I'm working on a custom aggregate, that generates a serialized data format. The preparation of the geometry before being formatted is pretty intense, so it is probably a good thing for that work to be done in parallel, in partial aggregates. Here's an example SQL call:
EXPLAIN analyze
SELECT length(ST_AsMVT(a)) FROM (
SELECT ST_AsMVTGeom(p.geom, ::geometry_literal, 4096, 0, true), gid, fed_num
FROM pts_10 p
WHERE p.geom && ::geometry_literal
AND p.geom IS NOT NULL
) a;
The ST_AsMVTGeom() function can be comically expensive, it's really good when it's in partial aggregates. But the cost of the function seems to be ignored.
Whether I get a parallel aggregate seems entirely determined by the number of rows, not the cost of preparing those rows.

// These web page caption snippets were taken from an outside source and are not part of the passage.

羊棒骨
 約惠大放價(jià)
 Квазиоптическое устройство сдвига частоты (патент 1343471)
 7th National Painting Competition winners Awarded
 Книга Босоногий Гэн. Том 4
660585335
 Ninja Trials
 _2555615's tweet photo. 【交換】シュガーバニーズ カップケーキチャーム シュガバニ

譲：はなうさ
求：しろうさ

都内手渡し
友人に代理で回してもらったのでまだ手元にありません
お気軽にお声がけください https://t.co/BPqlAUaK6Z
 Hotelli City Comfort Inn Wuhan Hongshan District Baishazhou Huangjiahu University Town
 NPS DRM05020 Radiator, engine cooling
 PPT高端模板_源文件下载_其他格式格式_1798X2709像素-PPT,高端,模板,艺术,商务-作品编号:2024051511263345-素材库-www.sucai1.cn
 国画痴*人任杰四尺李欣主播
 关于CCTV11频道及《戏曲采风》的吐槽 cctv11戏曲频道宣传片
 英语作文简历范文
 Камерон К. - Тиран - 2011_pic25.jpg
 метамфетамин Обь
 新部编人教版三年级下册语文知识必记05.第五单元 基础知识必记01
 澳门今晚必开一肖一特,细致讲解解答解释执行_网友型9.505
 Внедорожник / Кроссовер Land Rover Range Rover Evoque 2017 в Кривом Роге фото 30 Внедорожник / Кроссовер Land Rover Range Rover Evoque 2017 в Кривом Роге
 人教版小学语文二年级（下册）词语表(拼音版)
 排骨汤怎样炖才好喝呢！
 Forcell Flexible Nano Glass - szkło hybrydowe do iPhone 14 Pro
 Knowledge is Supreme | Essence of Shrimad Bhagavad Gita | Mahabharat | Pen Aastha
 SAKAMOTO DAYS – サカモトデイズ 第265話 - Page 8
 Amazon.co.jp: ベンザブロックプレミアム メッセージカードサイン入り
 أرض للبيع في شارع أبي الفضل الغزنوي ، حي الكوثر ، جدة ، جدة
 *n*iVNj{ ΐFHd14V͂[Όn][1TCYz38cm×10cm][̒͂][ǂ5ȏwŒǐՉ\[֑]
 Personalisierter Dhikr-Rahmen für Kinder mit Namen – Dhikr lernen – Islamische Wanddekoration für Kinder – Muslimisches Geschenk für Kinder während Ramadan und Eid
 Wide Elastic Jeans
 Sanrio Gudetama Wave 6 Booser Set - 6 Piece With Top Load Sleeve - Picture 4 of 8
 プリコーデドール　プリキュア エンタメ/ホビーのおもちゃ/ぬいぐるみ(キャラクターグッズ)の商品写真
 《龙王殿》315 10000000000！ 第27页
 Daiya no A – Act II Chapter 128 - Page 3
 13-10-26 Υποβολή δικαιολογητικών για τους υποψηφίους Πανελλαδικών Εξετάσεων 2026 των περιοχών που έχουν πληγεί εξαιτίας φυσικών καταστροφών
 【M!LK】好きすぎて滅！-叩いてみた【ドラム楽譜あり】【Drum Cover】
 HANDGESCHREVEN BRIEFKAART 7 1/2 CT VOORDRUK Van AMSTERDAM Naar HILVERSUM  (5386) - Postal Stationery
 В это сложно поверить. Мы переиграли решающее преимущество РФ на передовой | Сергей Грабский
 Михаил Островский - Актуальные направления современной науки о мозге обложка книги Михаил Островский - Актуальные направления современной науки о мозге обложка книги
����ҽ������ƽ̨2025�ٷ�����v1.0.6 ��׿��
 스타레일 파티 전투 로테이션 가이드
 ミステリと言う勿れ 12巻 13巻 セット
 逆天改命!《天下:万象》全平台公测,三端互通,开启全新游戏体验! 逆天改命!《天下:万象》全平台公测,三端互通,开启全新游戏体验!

When changing the number of rows in the subquery, with a LIMIT, I can change from a seq scan to a paralllel seq scan and finally to a parallel aggregate, as the number of rows goes up.
An odd effect: when I have enough rows to get a paralllel seq scan, I get flip it back to a seq scan, by *increasing* the cost of ST_AsMVTGeom. That seems odd and backwards.
Is there anywhere a guide or rough description to how costs are used in determining parallel plans? The empirical approach starts to wear one down after a while :)
P.